-- Input records follows --

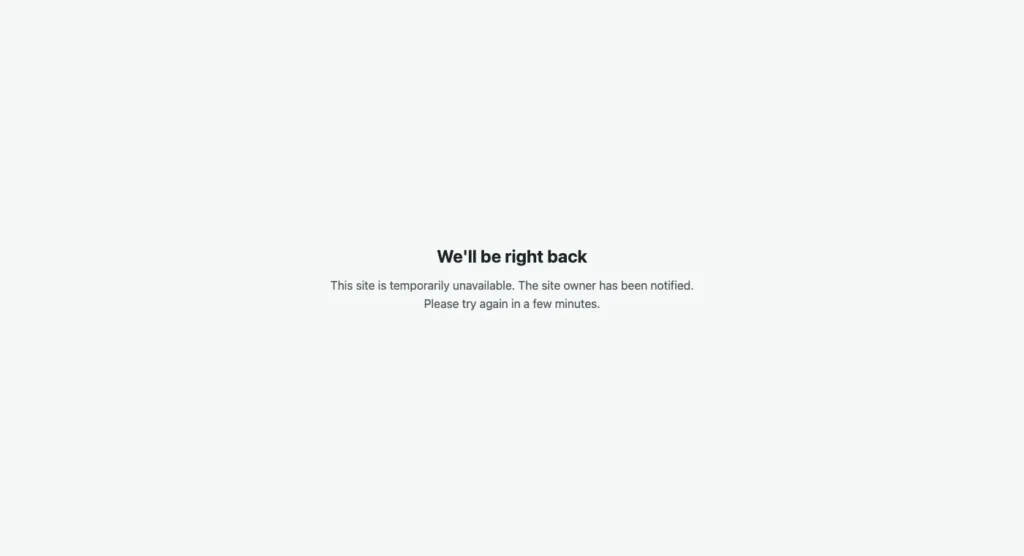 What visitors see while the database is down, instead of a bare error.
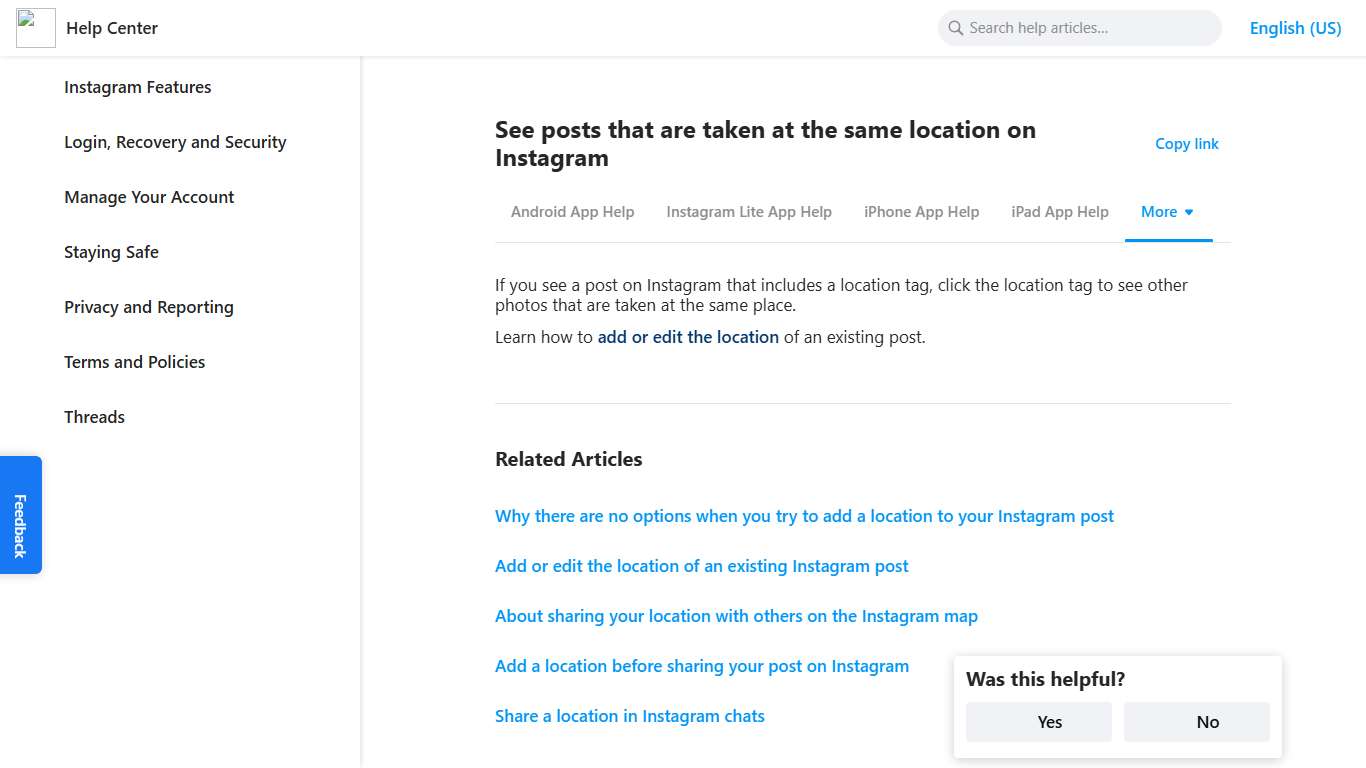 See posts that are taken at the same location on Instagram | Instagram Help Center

-- Input records concluded --
-- Input records follows --

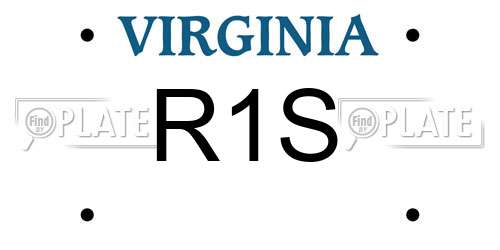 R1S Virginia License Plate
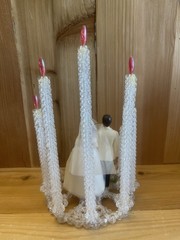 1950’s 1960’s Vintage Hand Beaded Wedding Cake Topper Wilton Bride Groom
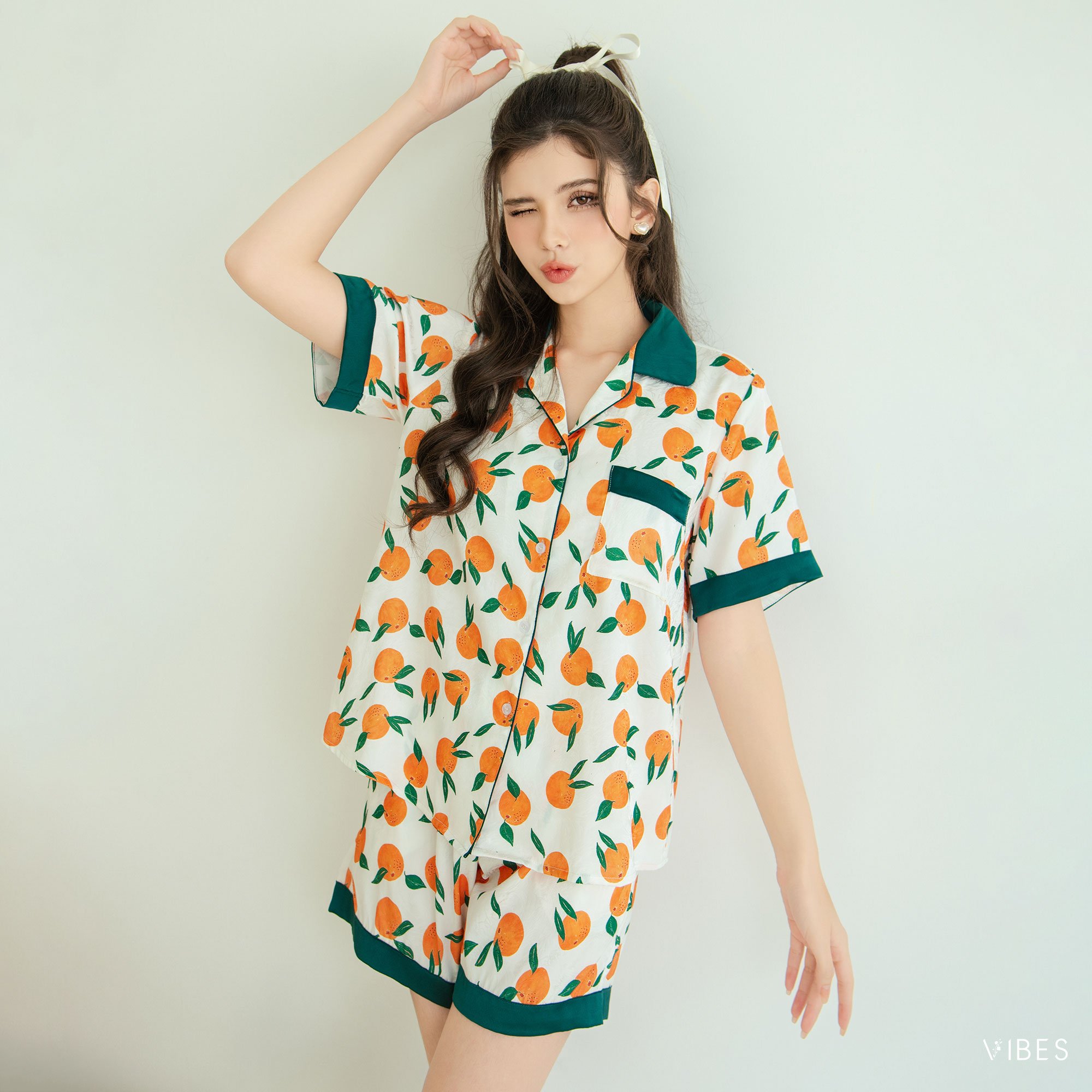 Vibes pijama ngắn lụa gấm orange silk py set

-- Input records concluded --
-- Input records follows --

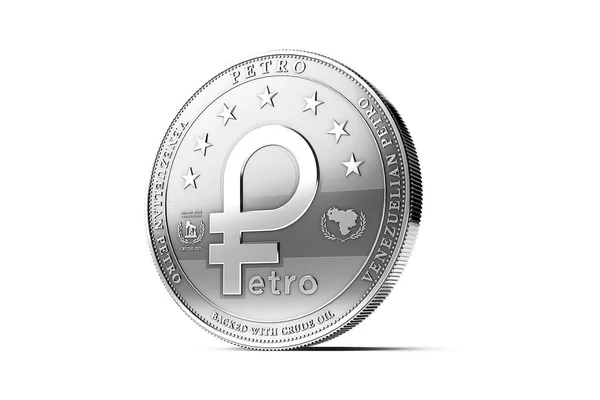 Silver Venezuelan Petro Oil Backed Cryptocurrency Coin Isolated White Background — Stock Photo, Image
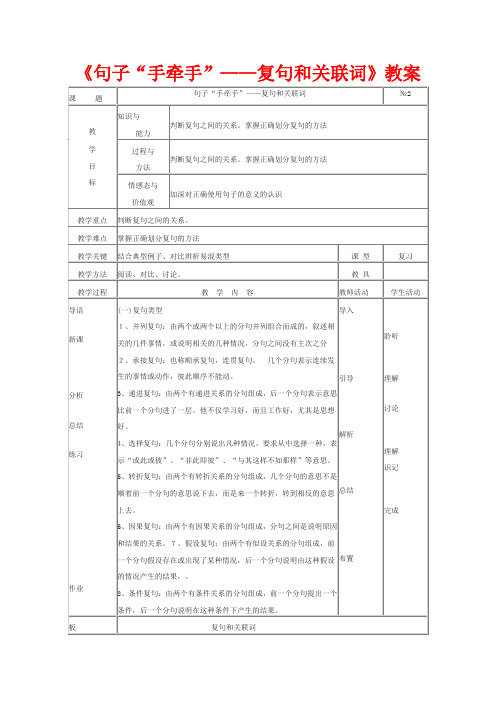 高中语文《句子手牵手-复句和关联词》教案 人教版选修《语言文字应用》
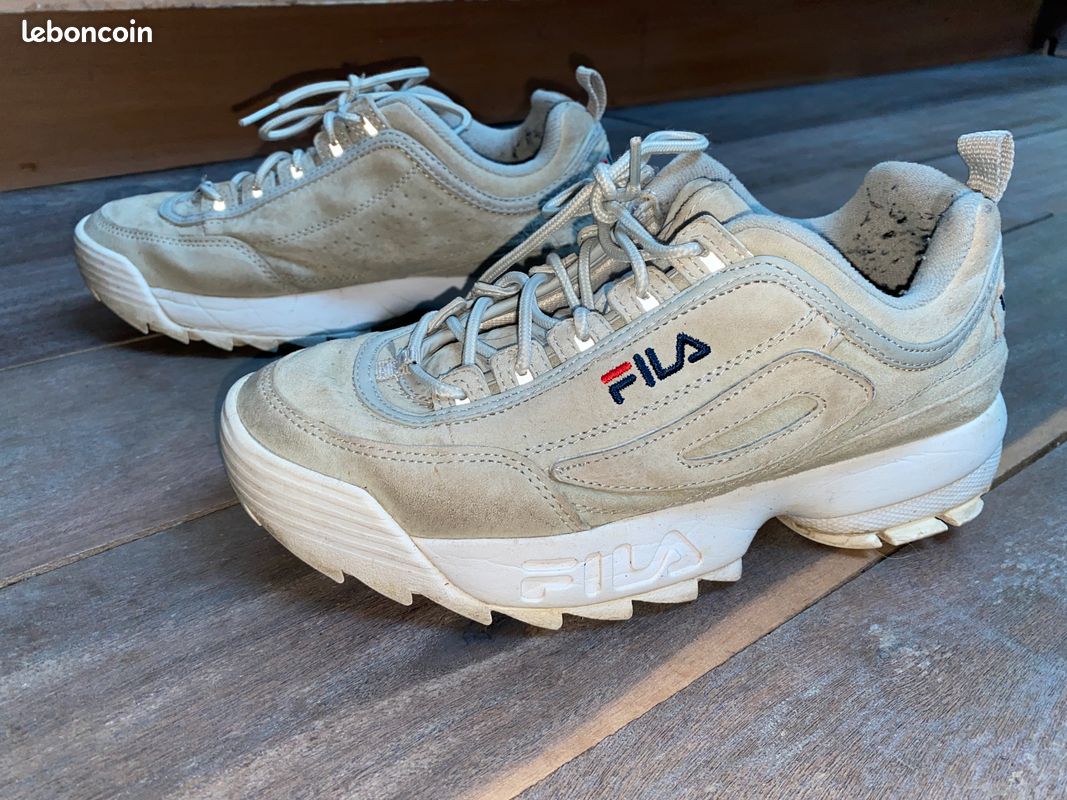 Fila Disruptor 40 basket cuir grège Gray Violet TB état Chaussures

-- Input records concluded --

> [Try it] Print, word for word, the lines above that run from the line containing "R1S Virginia License Plate" to the line containing "Vibes pijama ngắn lụa gấm orange silk py set", both included. Keep the pictures out.

> [Your solution]
 R1S Virginia License Plate
 1950’s 1960’s Vintage Hand Beaded Wedding Cake Topper Wilton Bride Groom
 Vibes pijama ngắn lụa gấm orange silk py set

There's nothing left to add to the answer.